The system Selfridge described—with its bottom-up learning, and its evaluating feedback loops—belongs in the history books as the first practical description of an emergent software program. The world now swarms with millions of his demons.
*
Among the students at MIT in the late forties was a transplanted midwesterner named John Holland. Holland was also a pupil of Norbert Wiener’s, and he spent a great deal of his undergraduate years stealing time on the early computer prototypes being built in Cambridge at that time. His unusual expertise at computer programming led IBM to hire him in the fifties to help develop their first commercial calculator, the 701. As a student of Wiener’s, he was naturally inclined to experiment with ways to make the sluggish 701 machine learn in a more organic, bottom-up fashion—not unlike Selfridge’s Pandemonium—and Holland and a group of like-minded colleagues actually programmed a crude simulation of neurons interacting. But IBM was in the business of selling adding machines then, and so Holland’s work went largely ignored and underfunded. After a few years Holland returned to academia to get his doctorate at the University of Michigan, where the Logic of Computers Group had just been formed.

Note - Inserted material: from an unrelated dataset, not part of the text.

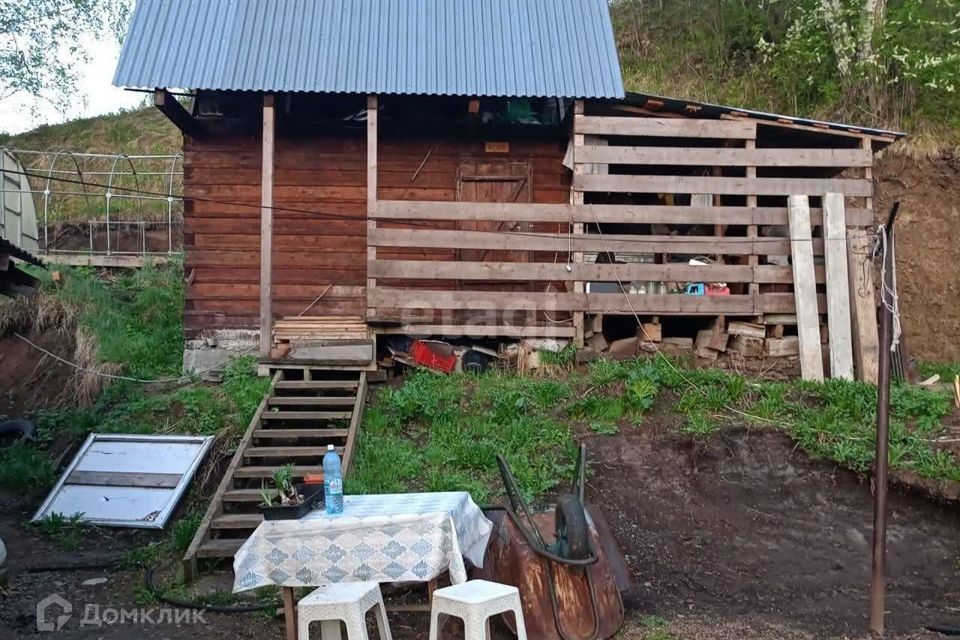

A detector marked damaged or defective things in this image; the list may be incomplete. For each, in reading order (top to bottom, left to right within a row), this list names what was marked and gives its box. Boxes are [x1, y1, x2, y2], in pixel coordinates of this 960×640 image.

rusty wheelbarrow [474, 444, 632, 640]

In the sixties, after graduating as the first computer science Ph.D. in the country, Holland began a line of inquiry that would dominate his work for the rest of his life. Like Turing, Holland wanted to explore the way simple rules could lead to complex behavior; like Selfridge, he wanted to create software that would be capable of open-ended learning. Holland’s great breakthrough was to harness the forces of another bottom-up, open-ended system: natural selection. Building on Selfridge’s Pandemonium model, Holland took the logic of Darwinian evolution and built it into code. He called his new creation the genetic algorithm.
A traditional software program is a series of instructions that tells the computer what to do: paint the screen with red pixels, multiply a set of numbers, delete a file. Usually those instructions are encoded as a series of branching paths: do this first, and if you get result A, do one thing; if you get result B, do another thing. The art of programming lay in figuring out how to construct the most efficient sequence of instructions, the sequence that would get the most done with the shortest amount of code—and with the least likelihood of a crash. Normally that was done using the raw intellectual firepower of the programmer’s mind. You thought about the problem, sketched out the best solution, fed it into the computer, evaluated its success, and then tinkered with it to make it better. But Holland imagined another approach: set up a gene pool of possible software and let successful programs evolve out of the soup.
Holland’s system revolved around a series of neat parallels between computer programs and earth’s life-forms. Each depends on a master code for its existence: the zeros and ones of computer programming, and the coiled strands of DNA lurking in all of our cells (usually called the genotype). Those two kinds of codes dictate some kind of higher-level form or behavior (the phenotype): growing red hair or multiplying two numbers together. With DNA-based organisms, natural selection works by creating a massive pool of genetic variation, then evaluating the success rate of the assorted behaviors unleashed by all those genes. Successful variations get passed down to the next generation, while unsuccessful ones disappear. Sexual reproduction ensures that the innovative combinations of genes find each other. Occasionally, random mutations appear in the gene pool, introducing complete new avenues for the system to explore. Run through enough cycles, and you have a recipe for engineering masterworks like the human eye—without a bona fide engineer in sight.
The genetic algorithm was an attempt to capture that process in silicon. Software already has a genotype and a phenotype, Holland recognized; there’s the code itself, and then there’s what the code actually does. What if you created a gene pool of different code combinations, then evaluated the success rate of the phenotypes, eliminating the least successful strands? Natural selection relies on a brilliantly simple, but somewhat tautological, criterion for evaluating success: your genes get to pass on to the next generation if you survive long enough to produce a next generation. Holland decided to make that evaluation step more precise: his programs would be admitted to the next generation if they did a better job of accomplishing a specific task—doing simple math, say, or recognizing patterns in visual images. The programmer could decide what the task was; he or she just couldn’t directly instruct the software how to accomplish it. He or she would set up the parameters that defined genetic fitness, then let the software evolve on its own.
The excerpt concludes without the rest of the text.